Practical: Technically possible, organizationally feasible, and economically valuable.

How to read Datalog

Here is an example program, as it would appear in an interactive Datalog environment. Lines preceded with > are input; lines without it are output.

> mortal(X) :- man(X).
> man(socrates).
> mortal(socrates)?
mortal(socrates).

Exercise

Before we get right into writing code, let’s understand the problem a bit better. It’s good to separate business logic from presentation logic. The business logic deals with ideas like what a number is, what it means for a number to be divisible by 3 or 5, and when a number should be replaced with fizz or buzz. The presentation logic deals with putting the numbers or their replacements in order. To help enforce this separation of concerns, we’ll write the business logic and the presentation logic in completely separate languages, although there can be reasons to prefer keeping them the same. This post is chiefly concerned with the implementation of business logic, but a prototype presentation layer will also be provided.
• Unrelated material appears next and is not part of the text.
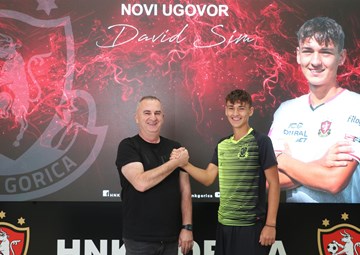 David Sim (17) potpisao ugovor:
While implementing the business logic, we’ll start by creating the interface that the presentation will consume. We’ll then implement the behavior backing that interface in terms of the interfaces of its components, then implement those components recursively in the same way, all the way down to primitive operations. In a more substantial project, it might be beneficial to implement mock versions of these components for the sake of testing, but for the purposes of this demonstration, mocks have been skipped. This process will leave us with multiple unimplemented components at once. We’ll prioritize between them using the heuristic that more specific components should be preferred; this will help us identify the correct primitives and reveal components that are shared.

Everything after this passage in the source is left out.